There are many verses that give Him different names, such as:
“The virgin will conceive and give birth to a son, and they'll call him Immanuel” (Matthew 1:23).
“The next day, John saw Jesus coming toward him and said, ‘Look, the Lamb of God, who takes away the sin of the world!’” (John 1:29).
“I am the Alpha and Omega, the First and the Last, the Beginning and the End” (Revelations 22:13).
“For us, a child is born, to us, a son is given, and the government will be on his shoulders. And he'll be called Wonderful Counselor, Mighty God, Everlasting Father, Prince of Peace” (Isaiah 9:6).
“Again, Jesus spoke to them, saying, ‘I am the light of the world. Whoever follows me won't walk in darkness but will have the light of life’” (John 8:12).
The names given to Jesus show us the extent of His power. He is the Alpha and the Omega, Lamb of God, and the Wonderful Counselor. His grace permeates throughout each name.
The Bible tells us that Jesus is the ultimate Prince of Peace and the light of the world.
When we continue faithful and true to Him, Jesus will lead us to salvation.
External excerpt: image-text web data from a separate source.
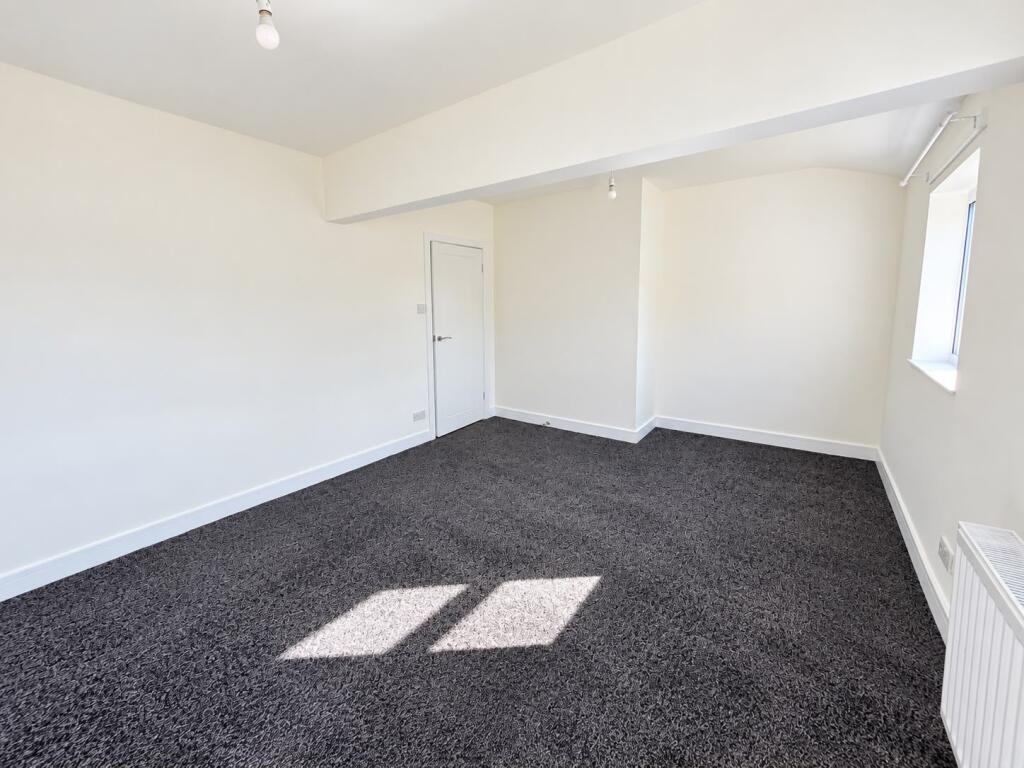House in Bradford, Fairweather Green, Scholemoor - More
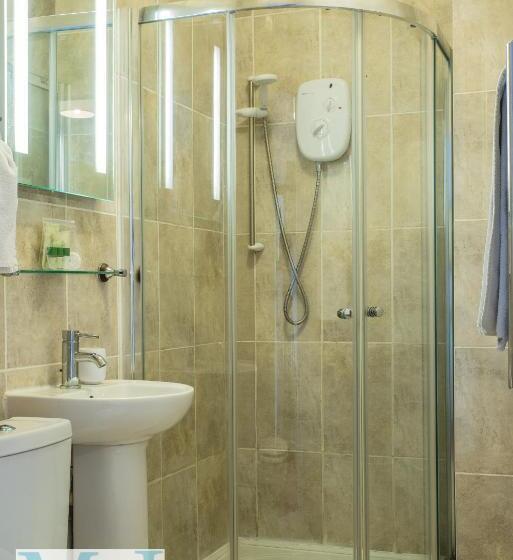 Familjerum, M And J Guest House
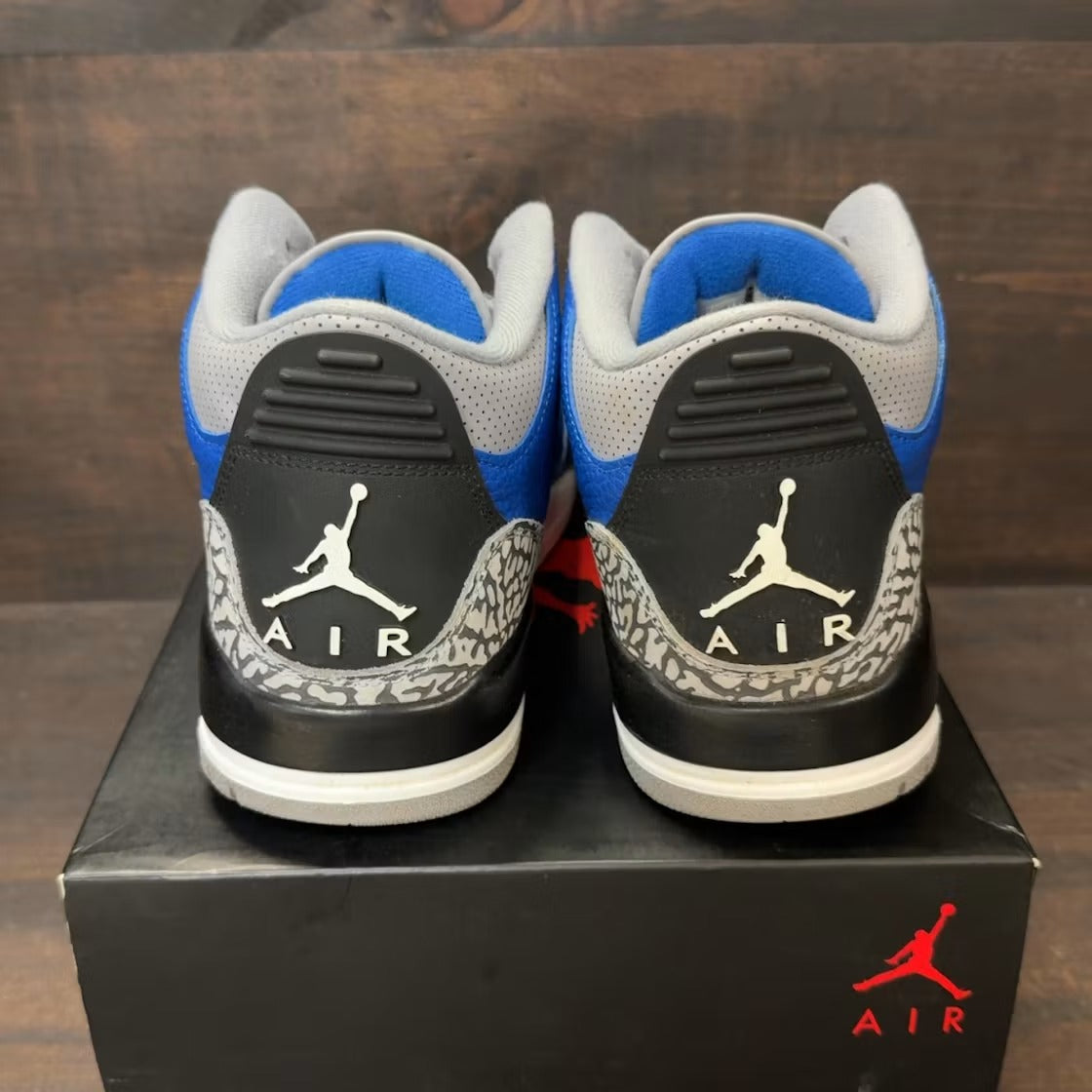 Used - Air Jordan 3 Retro Varsity Royal Cement - US M 10 - detail 3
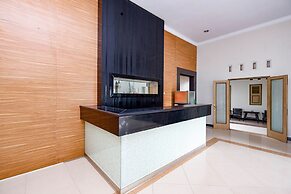 Super OYO 2436 Hotel Kencana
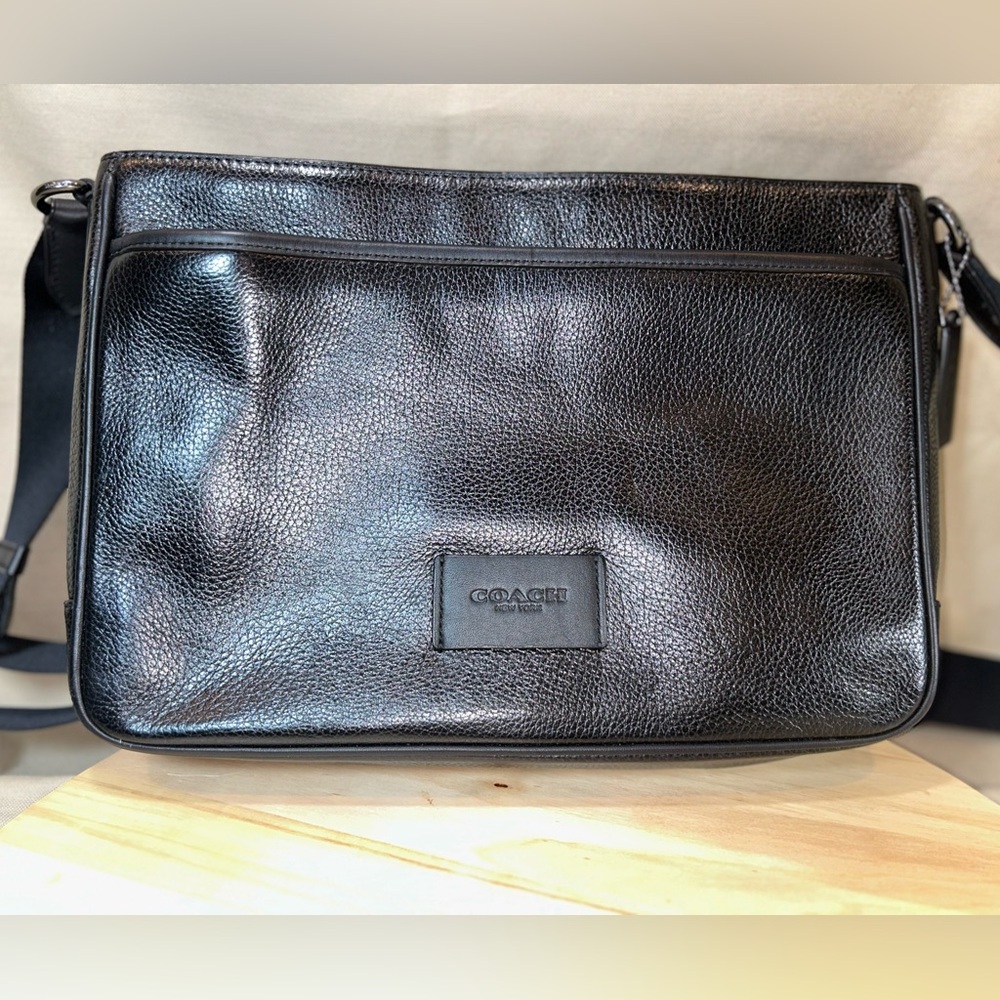 Coach Black Pebbled Leather Messenger/Computer Bag CY825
As Christians, when we put our devotional faith in the almighty High Priest, He becomes our morning star and guides us on our journey through life.
Jesus is the Holy One at the head of the church. But while He has many glorious accolades, He'll always be Jesus of Nazareth.
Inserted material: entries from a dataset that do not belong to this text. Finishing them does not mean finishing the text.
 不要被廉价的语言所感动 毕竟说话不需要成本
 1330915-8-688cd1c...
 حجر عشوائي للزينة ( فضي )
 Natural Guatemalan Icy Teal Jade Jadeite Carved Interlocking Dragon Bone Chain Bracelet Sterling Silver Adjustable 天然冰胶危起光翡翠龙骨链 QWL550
These are only a few of Jesus’ names. Let’s take a look at the nine common titles of Jesus and their meanings.
There are countless names associated with Jesus. Here are nine of the most popular names of Jesus, along with their meanings.
Messiah: A leader or savior of a particular group or cause.
Immanuel: Which means "God is with us," or "God is with the people" in Hebrew.
Christ: The title Christ used in the English language is from the Greek Χριστός (Christos), via the Latin Christus. It means "anointed one."
Prophet: A person regarded as an inspired teacher or proclaimer of the will of God.
Savior: A person who saves someone or something from danger and who's regarded with the veneration of a religious figure.
Son of David: The title "Son of David" indicates Jesus' physical descent from David, as well as his membership of the Davidic line of kings. This sets up the claim of Jesus Christ to the Davidic Throne based on the promises God made to King David.
King of the Jews: In the New Testament, Jesus is called the King of the Jews on three occasions, coming at the beginning of His life and at the end. Both uses of the title lead to dramatic results in the New Testament accounts.
The Good Shepherd: Christ's symbolism as a shepherd is directly taken from John's gospel. There, Christ is leading the faithful as if they were sheep, and He lays down His life for them as their shepherd.
The Son of Man: For centuries, the Christological perspective on the Son of Man ("man," referring to Adam) has been a possible counterpart to that of the Son of God. Just as the Son of God affirms the divinity of Jesus, in a number of cases, the Son of Man affirms His humanity. This is especially significant considering Jesus’ human parents were Mary and Joseph.
The Lord Jesus, Lord of Lords, Bread of Life, Light of Life, and Deliverer of Eternal Life.
Jesus will forever be our savior, no matter what name you call Him.
By sending Jesus, God opened up the way so that all the people of the Earth could be brought to Him.
When you refer to Him as Jesus, don't feel compelled to switch to Yeshua if you don't feel the need to do so. It’s Jesus’ voice that His followers recognize, and His voice is in His followers.
While He is known by countless other names in hundreds of different languages, when we call Him, Jesus will come running.